* Information supplied
----------

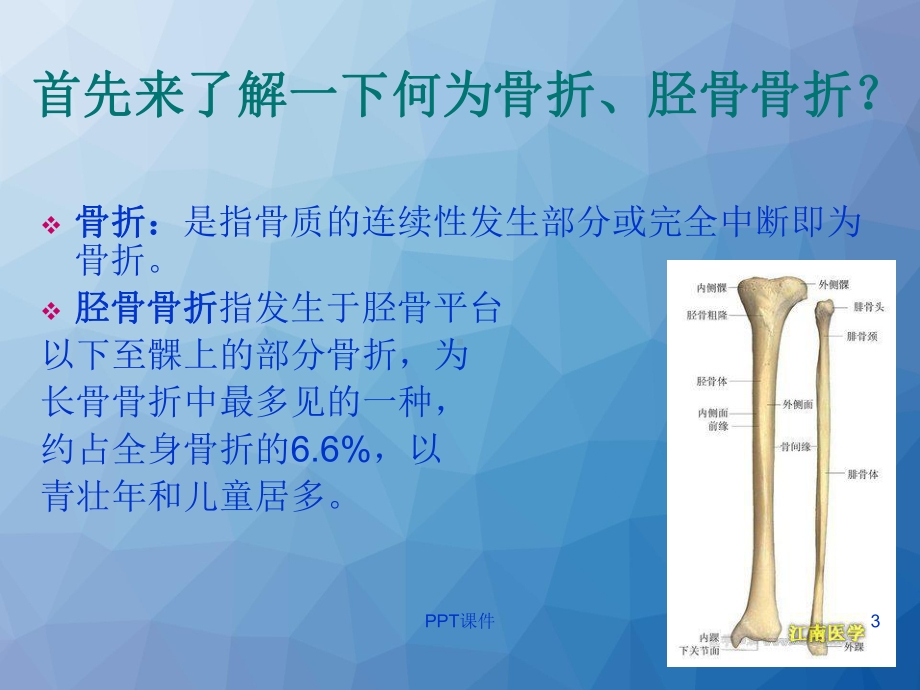 胫骨骨折的护理查房-ppt课件.ppt_第3页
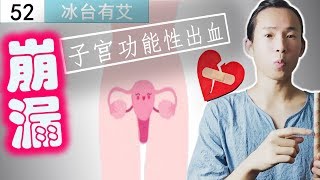 #52艾灸养生 女人功能性子宫出血（崩漏）有什么办法？ 艾灸让女人摆脱妇科病。Moxibustion for the treatment of uterine bleeding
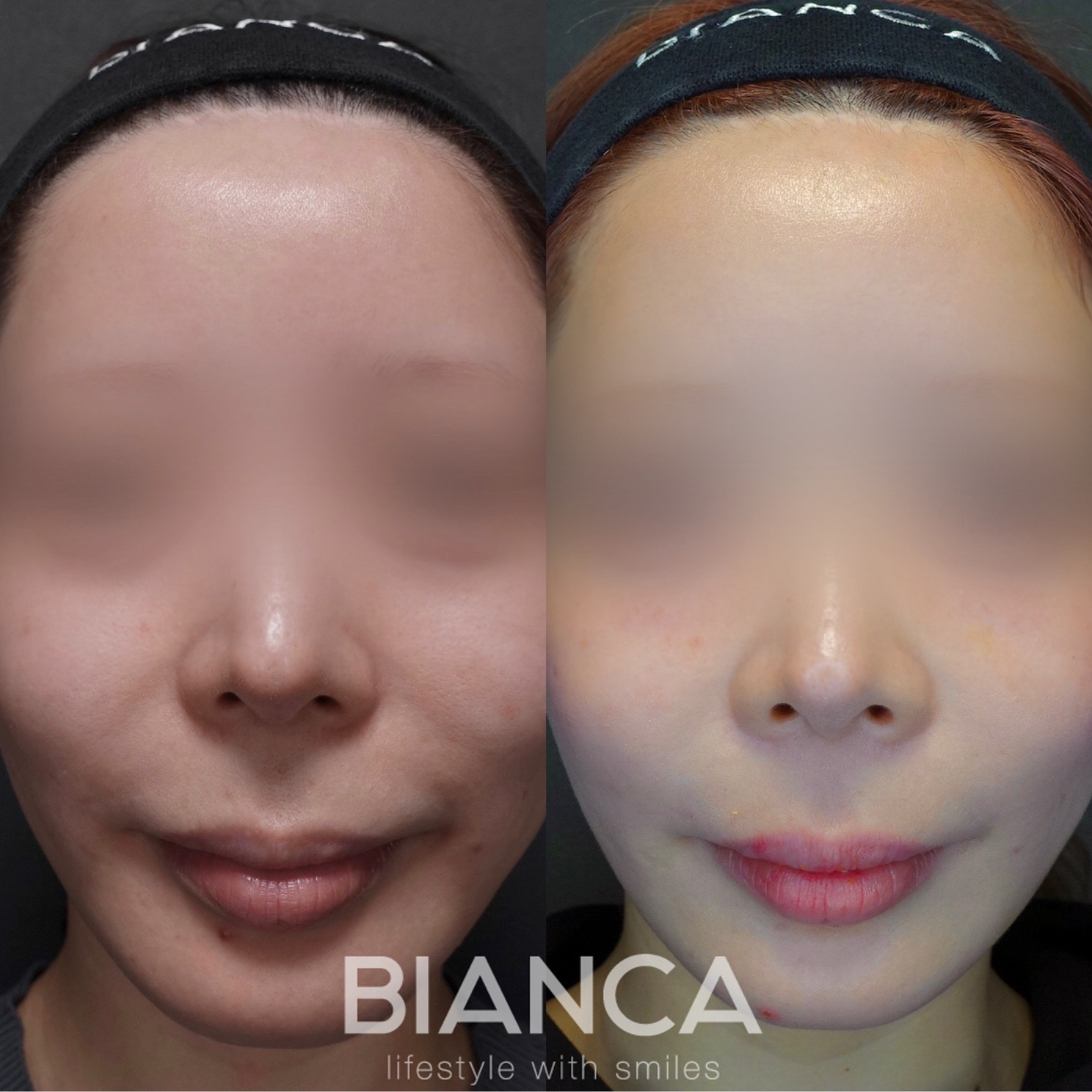 鼻翼基部プロテーゼ（貴族手術）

----------

An exact copy of the material above is required, minus its images.

 胫骨骨折的护理查房-ppt课件.ppt_第3页
 #52艾灸养生 女人功能性子宫出血（崩漏）有什么办法？ 艾灸让女人摆脱妇科病。Moxibustion for the treatment of uterine bleeding
 鼻翼基部プロテーゼ（貴族手術）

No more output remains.